» What to produce
Look below for the line containing "Ballerina Lilac Sea Thrift"; write out that line and each one after it to the end, exactly, and nothing else.

» Data for this task

* * * * *

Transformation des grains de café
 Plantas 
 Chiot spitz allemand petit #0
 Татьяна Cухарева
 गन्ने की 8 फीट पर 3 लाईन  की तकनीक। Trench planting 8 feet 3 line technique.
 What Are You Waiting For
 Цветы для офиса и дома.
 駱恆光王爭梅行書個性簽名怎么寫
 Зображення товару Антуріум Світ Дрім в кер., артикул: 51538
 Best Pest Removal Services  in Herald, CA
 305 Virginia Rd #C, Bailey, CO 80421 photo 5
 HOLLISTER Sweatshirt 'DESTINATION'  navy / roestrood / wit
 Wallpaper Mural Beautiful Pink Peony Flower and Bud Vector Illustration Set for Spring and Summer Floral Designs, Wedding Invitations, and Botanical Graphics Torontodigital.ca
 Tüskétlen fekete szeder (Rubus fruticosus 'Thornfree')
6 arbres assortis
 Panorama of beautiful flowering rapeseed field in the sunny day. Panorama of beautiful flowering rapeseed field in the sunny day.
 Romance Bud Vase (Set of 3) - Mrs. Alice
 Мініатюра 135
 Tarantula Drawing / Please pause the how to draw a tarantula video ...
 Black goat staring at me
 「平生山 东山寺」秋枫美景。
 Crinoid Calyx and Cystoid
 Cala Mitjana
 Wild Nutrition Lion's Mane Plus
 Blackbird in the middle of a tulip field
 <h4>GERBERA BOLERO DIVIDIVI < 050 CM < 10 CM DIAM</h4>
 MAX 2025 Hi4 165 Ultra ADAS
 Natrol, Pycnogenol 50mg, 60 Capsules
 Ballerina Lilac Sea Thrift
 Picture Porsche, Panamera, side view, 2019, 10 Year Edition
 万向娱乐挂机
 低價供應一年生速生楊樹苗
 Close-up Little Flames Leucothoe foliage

* * * * *

» Reply
 Ballerina Lilac Sea Thrift
 Picture Porsche, Panamera, side view, 2019, 10 Year Edition
 万向娱乐挂机
 低價供應一年生速生楊樹苗
 Close-up Little Flames Leucothoe foliage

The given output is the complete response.